To provide the same kind of security traditional state-issued driver’s licenses do, mobile versions require an ecosystem that includes users, their phones, the authenticated digital ID, reader devices, cyber infrastructure, privacy standards and secure data transfer.
Several states have experimented with mobile driver’s licenses (mDLs), but there are many considerations to address before the technology can be used at airport security checkpoints and more widely adopted, according to the Department of Homeland Security.
To ensure that the process is secure and interoperable, DHS described how its Science and Technology Directorate (S&T), the National Institute of Standards and Technology and the Transportation Security Administration are working to develop an mDL framework that has security, privacy and authentication features that will work for DHS use cases.
Three groups are involved in the issuance and use of mDLs: state licensing agencies, the end users and the government agency or business that requires photo IDs to verify identities.
That means mDLs require an ecosystem that includes users, their phones, the authenticated digital ID, reader devices, cyber infrastructure, privacy standards and secure data transfer. In the absence of physical security measures, these components will support the provisioning, issuance, acceptance, updating and authentication of mDLs, officials said.

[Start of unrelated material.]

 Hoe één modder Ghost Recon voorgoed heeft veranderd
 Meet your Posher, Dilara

The federal agencies are working with state governments and non-governmental organizations to conduct industry studies on the integrity and trustworthiness of digital identities, with the goal of making mDLs more widely accepted.

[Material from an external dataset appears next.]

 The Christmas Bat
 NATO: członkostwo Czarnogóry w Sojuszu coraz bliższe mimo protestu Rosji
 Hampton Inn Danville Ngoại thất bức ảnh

As part of the interoperability testing, NIST will develop standards for authentication, cross-functional readers and the other technology that will support implementation of mDLs. Once a solution has been determined, S&T will examine how state-issued mDLs will work on different mobile device platforms and whether these digital IDs will be interoperable on the various reader systems that could be adopted by DHS.
TSA, for its part, is developing a system to authenticate mDLs using a public key infrastructure framework – a set of roles, policies, hardware, software and procedures that govern the creation, management, distribution, usage, storage and revocation of digital certificates and management of public-key encryption – at its security checkpoints, according to DHS.
This model will ensure that TSA receives public keys from issuing authorities before confirming the legitimacy of an mDL, TSA Identity Management Capability Manager Jason Lim said. The implementation of a centralized PKI is one of the biggest challenges governments face in the widespread acceptance of mDLs, he added.
“S&T is looking at criteria, processes, and tests that will help DHS and its components assess if a specific mDL implementation is trustworthy and interoperable,” said Arun Vemury, director of S&T’s Biometric and Identity Technology Center. “This determination will help DHS components decide whether they want to adopt an mDL solution as part of their existing operations or even new operations.”
Digital identification at TSA checkpoints is relatively new. In September 2021, several states announced that they would allow residents with iPhones to add an mDL to their Apple Wallet app that they eventually could use at TSA checkpoints. On March 23, Phoenix Sky Harbor International Airport became the first site to roll out use of mDLs in a Wallet app for ID verification at TSA checkpoints. About a dozen other states and territories are expected to follow suit.
“The focus of this joint project is to build an ecosystem to implement mDLs,” Vemury said. “Once this project is completed, we believe we will create a digital identity ecosystem that replicates and potentially improves upon today’s physical ID system.”